– ¿Dónde está qué? -jadeó Jake-. No sé de qué está hablando.
– No juegues con nosotros -gritó el segundo hombre-. Queremos nuestros cien mil dólares.
– Pero si no había dinero en el sobre, solo un libro. Lo tiré por el conducto del incinerador. Si se callan un momento, podrán oírlo.
El hombre de la camiseta negra ladeó la cabeza, mientras los otros dos callaban.
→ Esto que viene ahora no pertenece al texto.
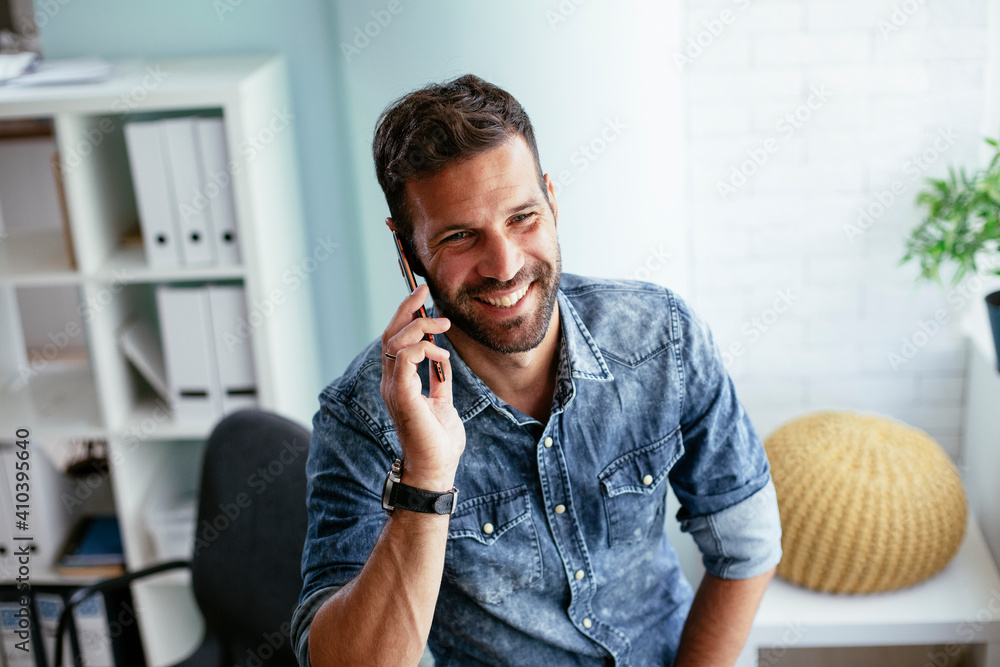 Businessman in office using the phone. Handsome businessman talking to the phone. Businessman in office using the phone. Handsome businessman talking to the phone.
En la cocina se oían unos crujidos.
– Muy bien, pues tú seguirás el mismo camino -dijo el hombre del cuchillo.
Asintió, y sus dos cómplices levantaron a Jake como un saco de patatas y lo cargaron hasta la cocina.
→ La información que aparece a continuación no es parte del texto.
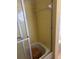 Bathroom tub featuring yellow tile walls and sliding glass door at 8244 125Th St, Seminole, FL 33772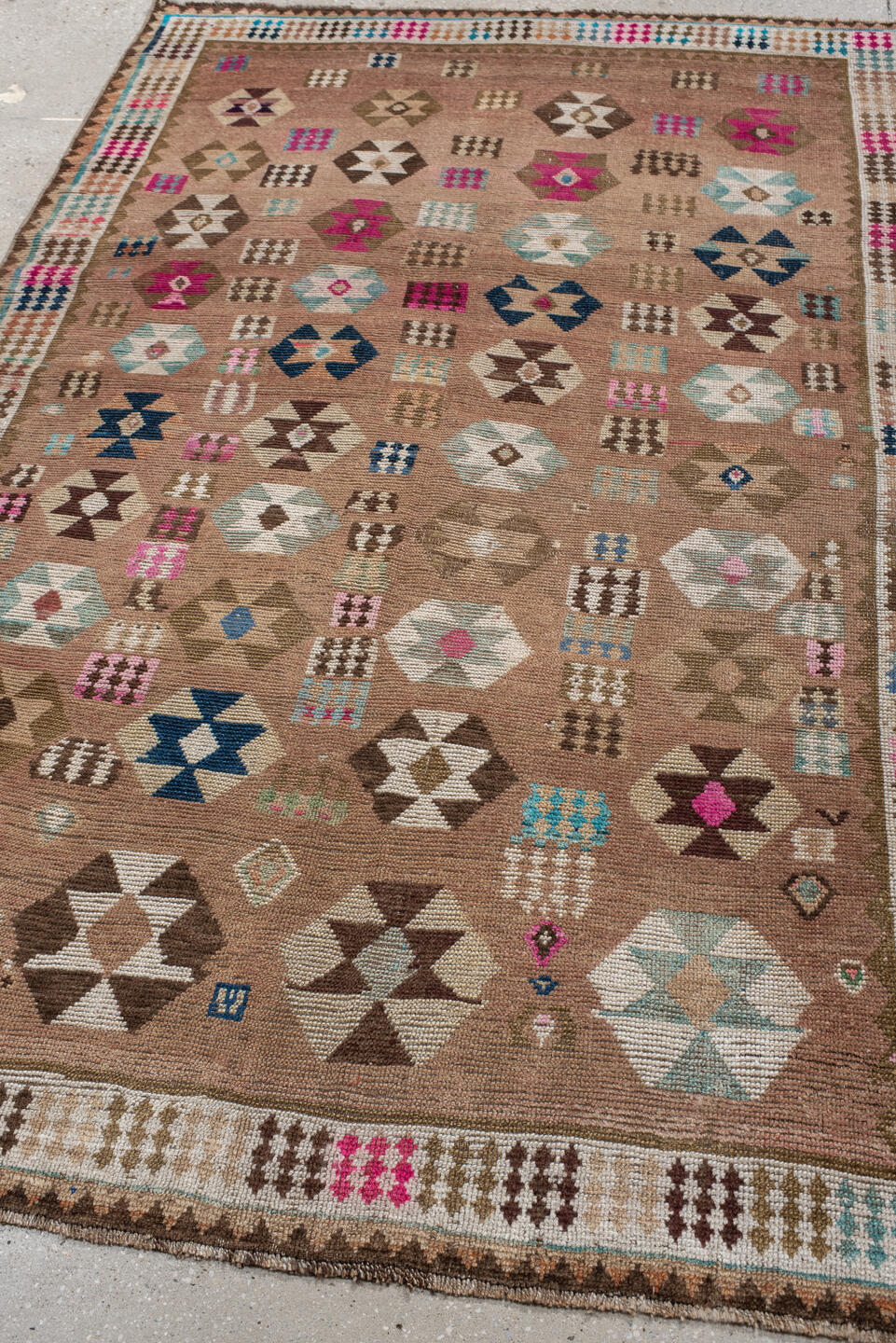 4' x 7' one-of-a-kind handmade vintage Gabbe rug. Color palette: camel, ivory, brown, turquoise, magenta, taupe, navy, rose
Justo cuando la cabeza de Jake estaba a punto de desaparecer en el conducto del incinerador, el teléfono y el timbre de la puerta empezaron a sonar al mismo tiempo…
UN ESFUERZO MALOGRADO
Todo empezó de una forma bastante inocente, cuando Henry Pascoe, primer secretario del Alto Comisionado británico para Aranga, recibió una llamada de Bill Paterson, el director del Barclays Bank. Fue un viernes a última hora de la tarde, y Henry supuso que Bill llamaba para proponer una partida de golf el sábado por la mañana, o tal vez una invitación para comer con él y su esposa Sue el domingo. Pero en cuanto oyó la voz al otro extremo de la línea, supo que la llamada era de naturaleza oficial.
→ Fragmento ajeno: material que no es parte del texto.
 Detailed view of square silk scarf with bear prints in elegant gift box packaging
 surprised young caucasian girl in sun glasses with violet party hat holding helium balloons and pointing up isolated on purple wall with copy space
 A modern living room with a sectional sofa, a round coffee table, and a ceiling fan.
– Cuando vengas a comprobar la cuenta de la Alta Comisión el lunes, descubrirás que vuestro crédito es más cuantioso de lo habitual.
– ¿Algún motivo en particular? -preguntó Henry, con su tono más formal.
– Muy sencillo, viejo amigo -dijo el director del banco-. El tipo de cambio ha revertido en vuestro favor de la noche a la mañana. Siempre lo hace cuando hay rumores de golpe de estado -añadió con indiferencia-. Llámame con toda libertad el lunes, si tienes alguna duda.
Henry no se molestó en preguntar a Bill si le apetecía jugar una partida de golf al día siguiente.
Fue la primera experiencia de Henry en lo tocante a golpes de estado rumoreados, y el tipo de cambio no fue lo único que contribuyó a un pésimo fin de semana. El viernes por la noche, el jefe del estado, el general Olangi, apareció en la televisión vestido de uniforme para advertir a los buenos ciudadanos de Aranga de que, debido a cierto malestar entre un pequeño grupo de disidentes del ejército, se había demostrado necesario imponer un toque de queda en la isla, pero confiaba en que no se prolongaría más de unos pocos días.
El sábado por la mañana, Henry sintonizó el Servicio Mundial de la BBC para averiguar qué estaba sucediendo en realidad en Aranga. El corresponsal de la BBC, Roger Parnell, siempre estaba mejor informado que la televisión y las emisoras de radio locales, que se limitaban a transmitir una advertencia a los ciudadanos de la isla cada pocos minutos, en el sentido de que no debían haraganear por las calles de día, porque si lo hacían serían detenidos. Y si eran lo bastante idiotas como para hacerlo de noche, serían fusilados.
Eso puso punto final a cualquier partida de golf el sábado, o la comida con Bill y Sue el domingo. Henry pasó un tranquilo fin de semana leyendo, contestando las cartas recibidas de Inglaterra y que dormían el sueño de los justos, liberando la nevera de comida caducada, y limpiando por fin aquellos rincones de su apartamento de soltero que la criada siempre parecía pasar por alto.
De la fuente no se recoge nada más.